President Donald Trump abandoned a scripted speech to conservatives on Friday to launch into a greatest hits roster of lines from his 2016 campaign, marking a return to candidate mode as he begins campaigning for Republicans in the midterm elections.
The speech to the Conservative Political Action Conference was supposed to highlight tax cuts and sanctions targeting North Korea, but veered instead to familiar tropes, including his victory over “crooked” Hillary Clinton and a spirited reading of “The Snake,” an allegorical song that candidate Trump used frequently to illustrate dangers posed by undocumented immigrants.
It was a departure from the slightly more controlled, presidential Trump — who was back in evidence at the White House later in the day speaking alongside Australian Prime Minister Malcolm Turnbull — and a sign that the president plans to lean heavily on what’s worked for him in the past as he tries to boost Republicans in the November elections.
“It’s now his party.
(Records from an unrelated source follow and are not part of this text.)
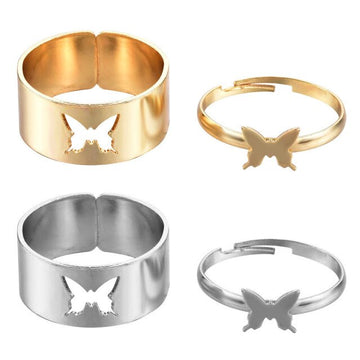 4pcs/set Opening Ring Set  Metal Adjustable Initials Geometry Alphabet Female Creative Finger Punk Rings Gothic Party Jewelry daiiibabyyy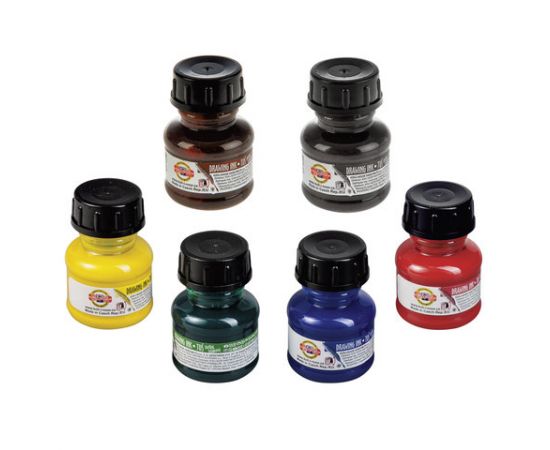 Тушь KOH-I-NOOR, набор 6 шт. х 20 мл, ассорти, картонная коробка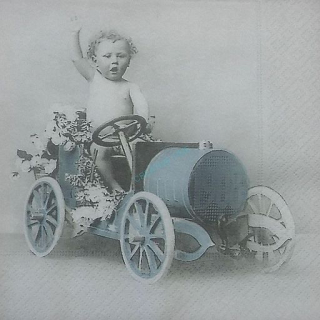 Servítka vintage chlapec v autíčku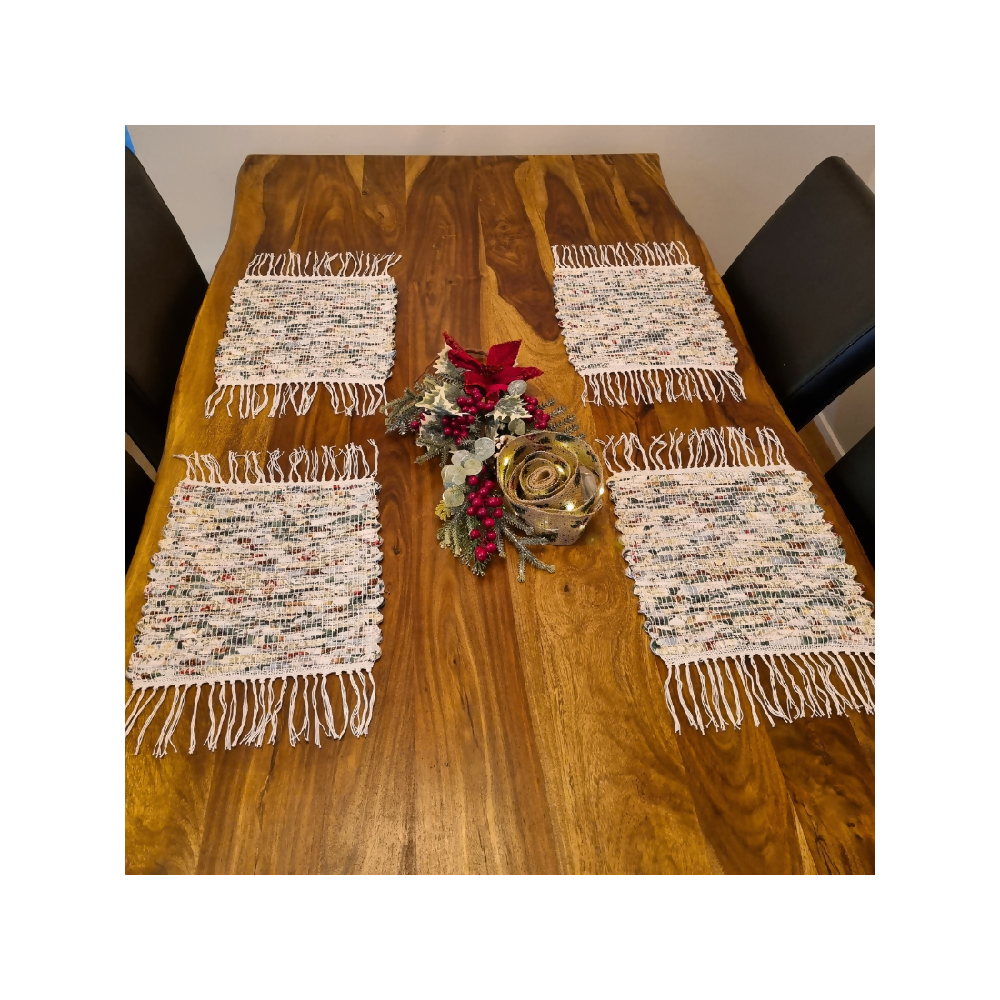 Handwoven Christmas Fabric Placemats (set of 4)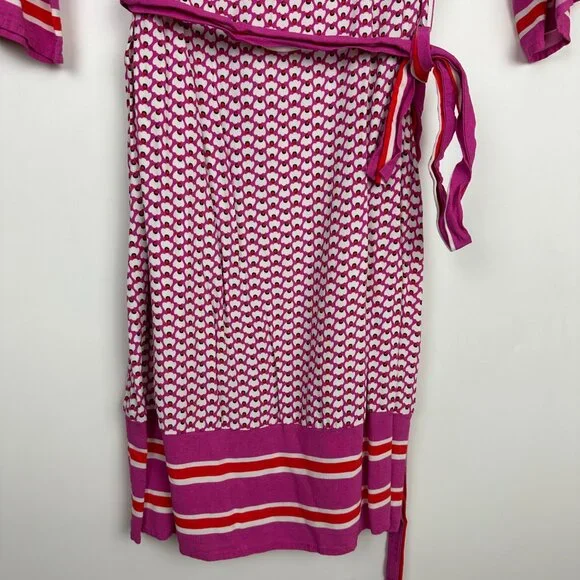 Boden Andrea 3/4 Sleeve Belted Dress Pink Red Size 6 - Picture 4 of 9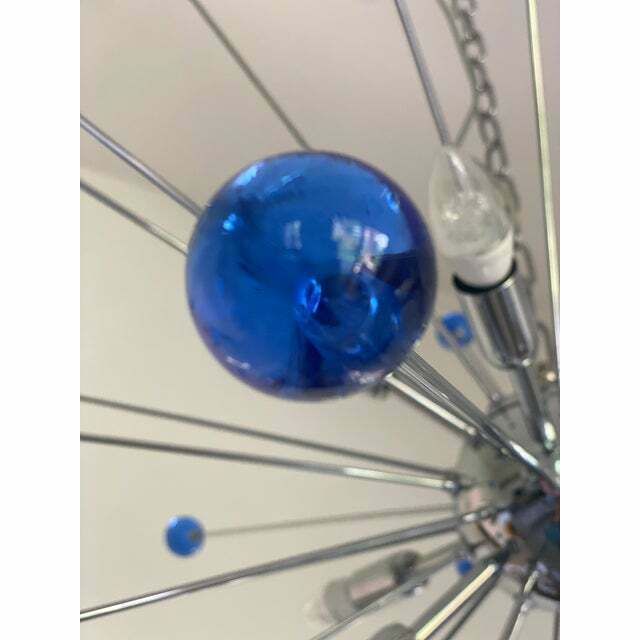 Contemporary Blue “Star” Murano Glass Sputnik Chandelier photo buy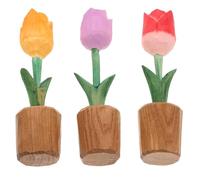 Abaodam 3 Pièces Sculpture Tulipe en Bois, Décoration | Léger et Portable, Artisanat Soigné, pour Salon et Décor Printanier de Ferme, Centre de Table Raffiné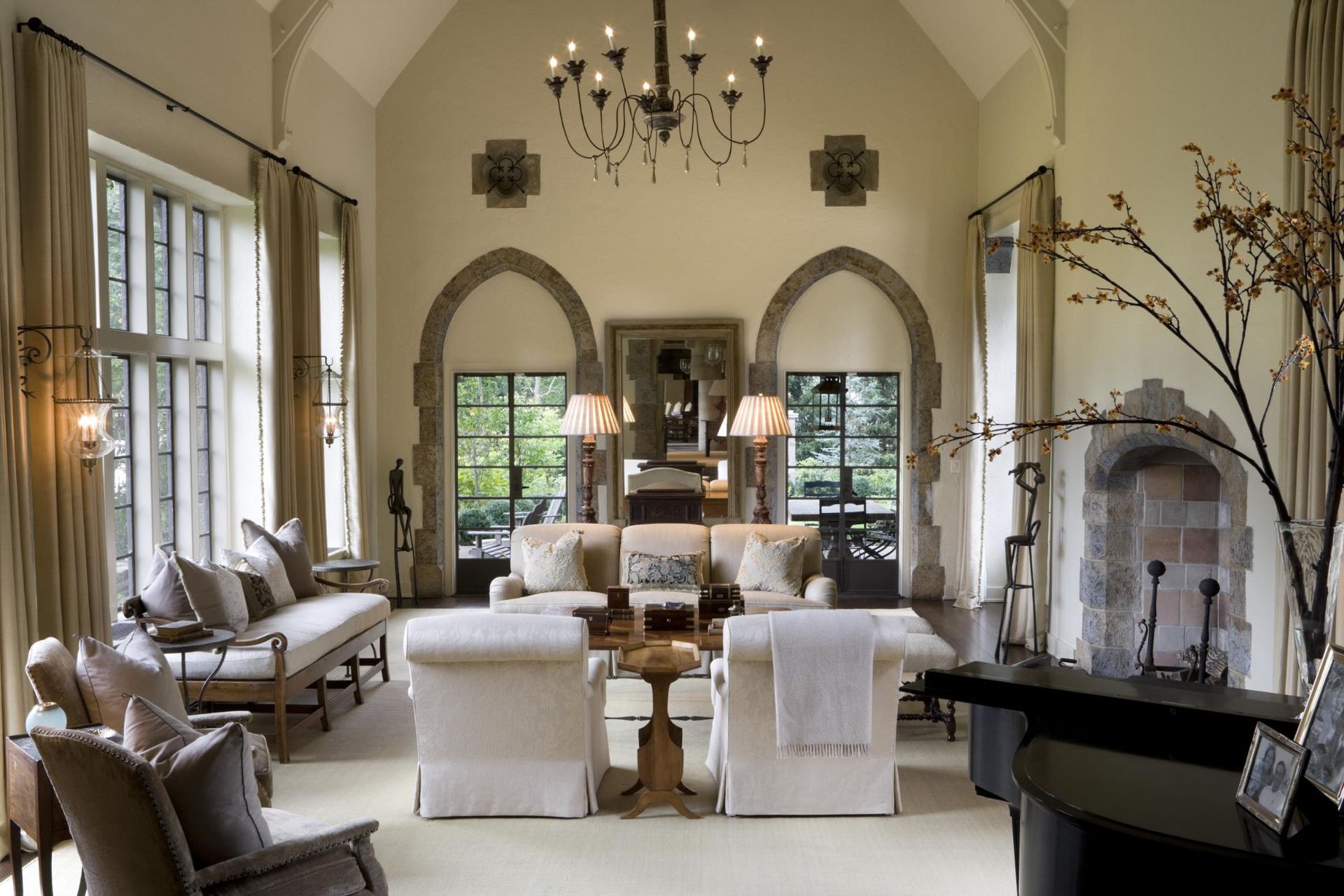 A living room filled with furniture and a fireplace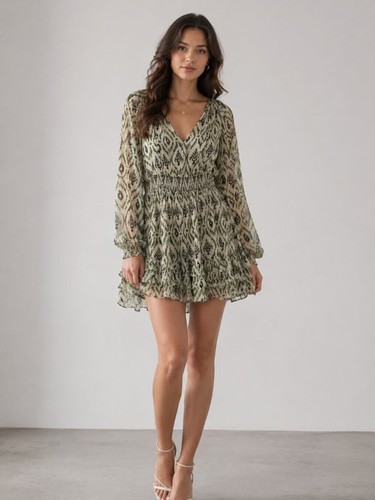 Zara cream green ikat print - zara,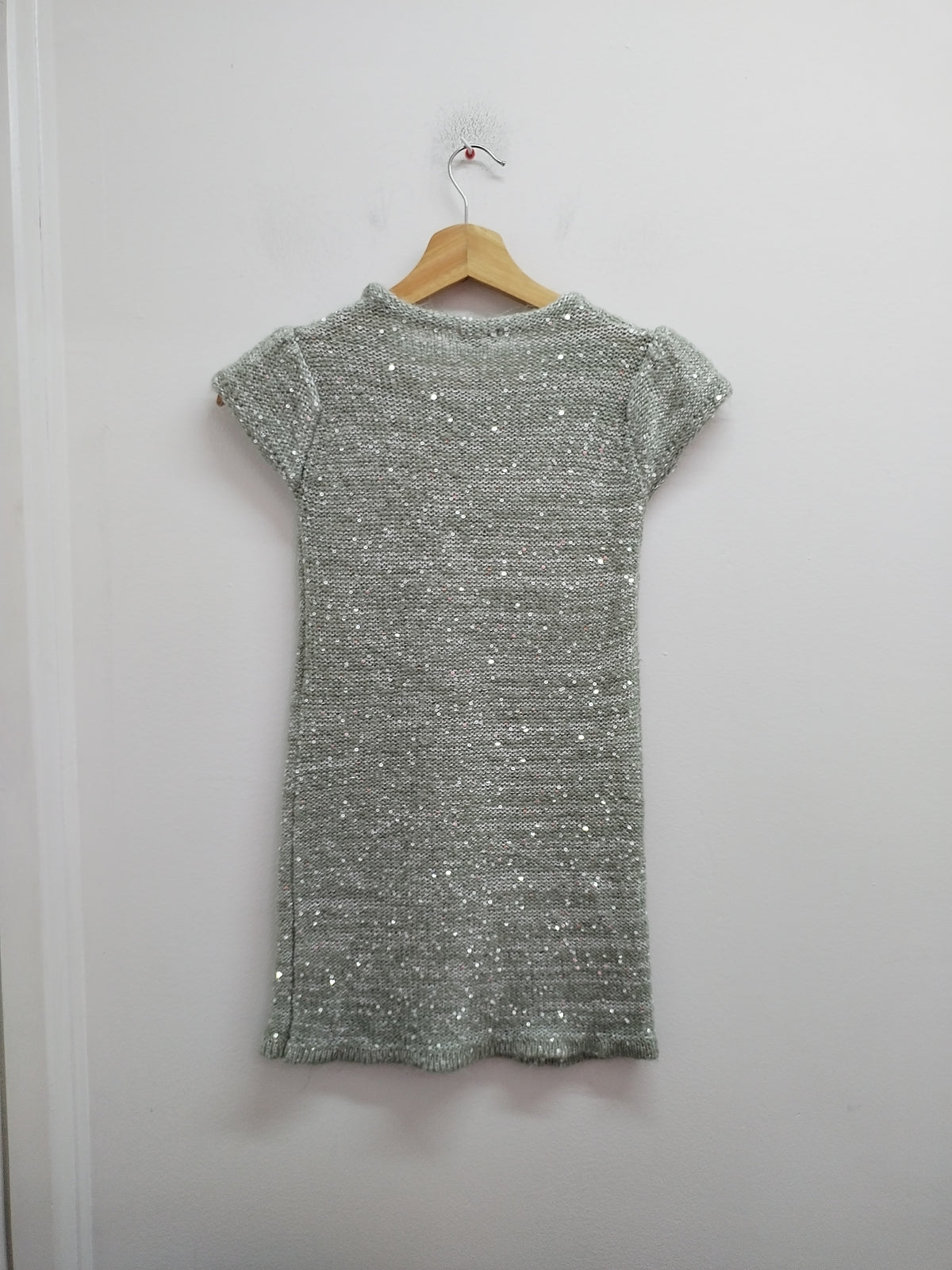 Robe d'hiver manches courtes In Extenso grise avec sequins Taille 8 Ans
It’s now his conservative movement and there are no challengers. This was like a victory speech,” said Ed Rollins, lead strategist for the pro-Trump Great America super PAC. “It was the kickoff to the 2018 campaign — and the 2020.”
Calling his first 365 days “the most successful first year in the history of the presidency”, Trump went off script to rattle through a list of superlative achievements — the “biggest” tax cuts, “heaviest” sanctions and record firearms prosecutions.
“I think now we’ve proved that I’m a conservative, right?” Trump told the crowd, as he ran over his allotted time. “We have put more great conservative ideas into use than perhaps ever before in American history.”
Trump warned that complacency in November’s elections could lead to Democratic gains in Congress and, in turn, gun control and higher taxes.
His revival of familiar themes — including not just “crooked” Hillary but also the “very, very crooked” media — prompted chants of “USA” and “Lock her up!” from the crowd at the National Harbor convention center just south of Washington.
Republicans, who control the House and Senate, have advanced their agenda sometimes in spite of the president. Going into this year’s midterms, it’s far from certain that Trump, or the party, can translate those accomplishments into congressional gains.
Democrats are defending 25 Senate seats, including 10 in states that supported Trump over Clinton in 2016, compared with Republicans’ eight. Still, Democrats hope to capitalize on Trump’s low approval ratings, scandals and an investigation into Russian campaign meddling to pare or eliminate Republican majorities in the House and Senate.
As Trump basked in CPAC’s friendly glow, a former campaign aide, Rick Gates, was pleading guilty to charges brought by special counsel Robert Mueller in a deal that requires Gates to cooperate with Mueller's prosecution of Paul Manafort, Gates' former business partner and Trump’s onetime chairman.
“He made it very clear he’s going to campaign very aggressively in 2018,” Rollins said. “Whether that’s good or bad we’ll find out.”
Trump urged the audience — about 1,000 people — not to get complacent.
“We have a problem: We need more Republicans,” Trump said. “We have to worry — right now, we have a big race coming up in '18. You have to get out. You have to just get that enthusiasm. Keep it going.”